Work item
Every line of the material is to be quoted verbatim, minus the pictures.

Supplied data
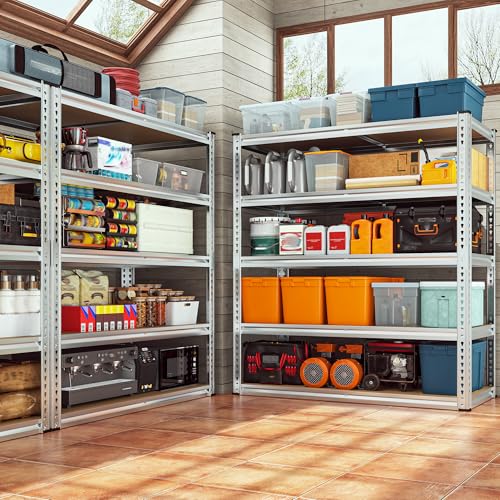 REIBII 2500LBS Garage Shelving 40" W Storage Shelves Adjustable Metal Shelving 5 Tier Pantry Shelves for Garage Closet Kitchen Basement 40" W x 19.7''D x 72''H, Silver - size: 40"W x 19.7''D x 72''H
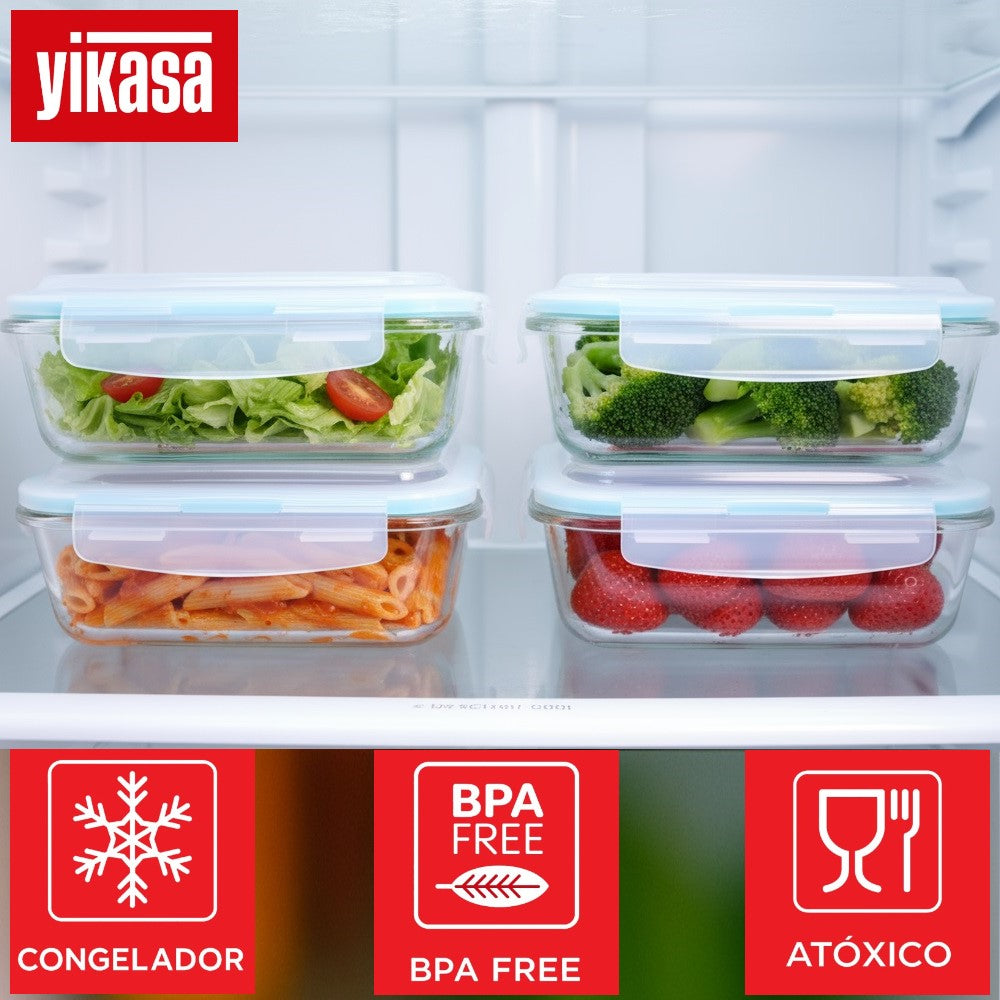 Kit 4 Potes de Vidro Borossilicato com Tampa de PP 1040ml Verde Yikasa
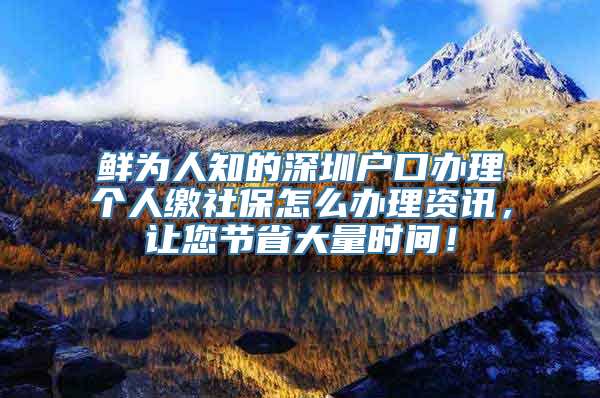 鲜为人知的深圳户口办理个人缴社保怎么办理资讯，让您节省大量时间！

Result for this task
 REIBII 2500LBS Garage Shelving 40" W Storage Shelves Adjustable Metal Shelving 5 Tier Pantry Shelves for Garage Closet Kitchen Basement 40" W x 19.7''D x 72''H, Silver - size: 40"W x 19.7''D x 72''H
 Kit 4 Potes de Vidro Borossilicato com Tampa de PP 1040ml Verde Yikasa
 鲜为人知的深圳户口办理个人缴社保怎么办理资讯，让您节省大量时间！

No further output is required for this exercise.